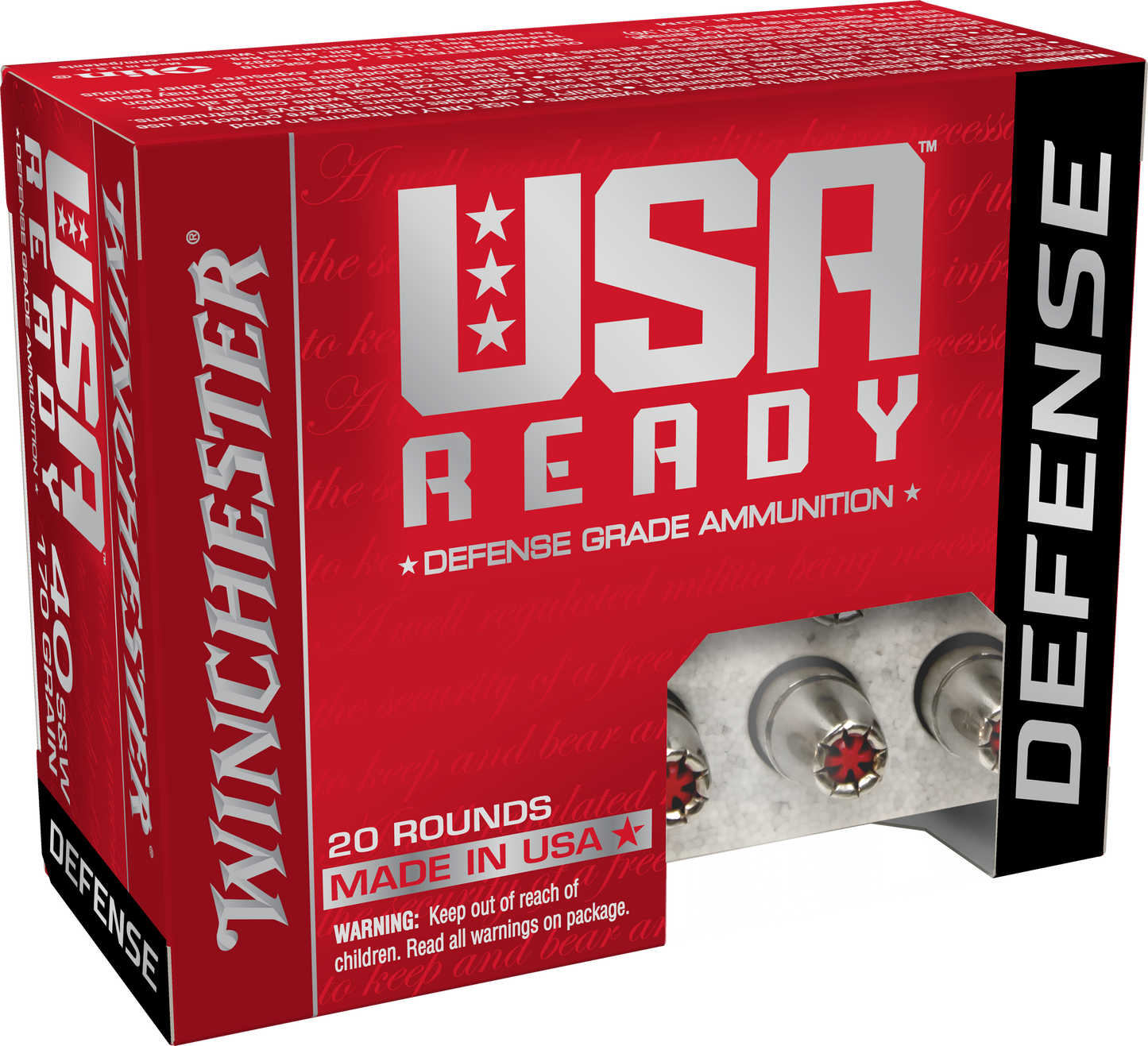 Winchester Ammo RED40HP USA Ready 40 S&W 170 gr Hex Vent Hollow Point 20 Round Box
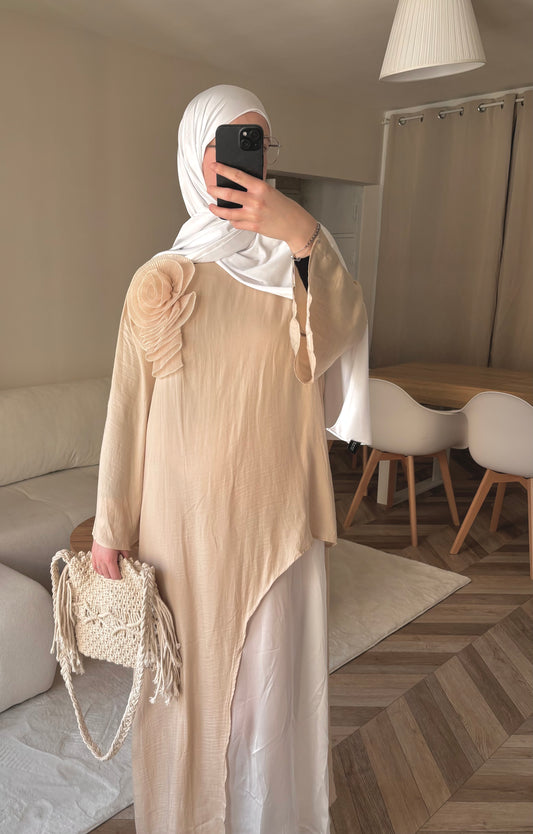 Robe Élégante bicolore beige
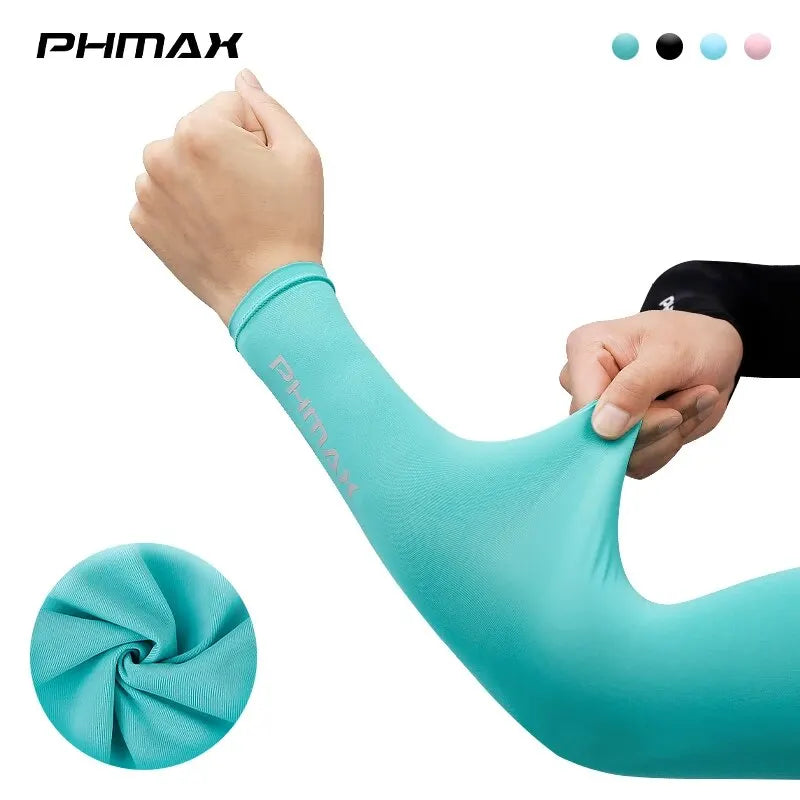 PHMAX UV Cycling Arm Sleeves – Ice Silk, Breathable Sport Cover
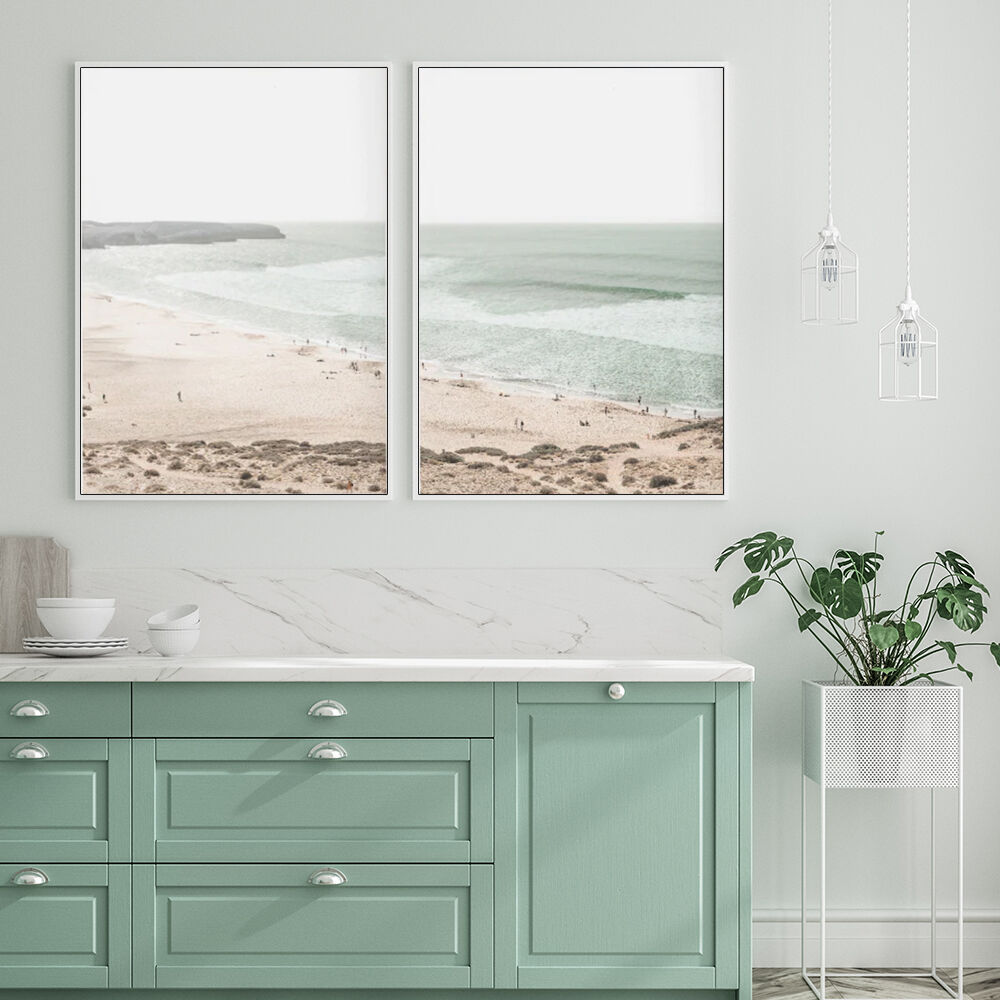 40cmx60cm Coastal Prints 2 Sets White Frame Canvas Wall Art Price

Your goal:
Apart from the pictures, all of the data should be repeated exactly.

Task answer:
 Winchester Ammo RED40HP USA Ready 40 S&W 170 gr Hex Vent Hollow Point 20 Round Box
 Robe Élégante bicolore beige
 PHMAX UV Cycling Arm Sleeves – Ice Silk, Breathable Sport Cover
 40cmx60cm Coastal Prints 2 Sets White Frame Canvas Wall Art Price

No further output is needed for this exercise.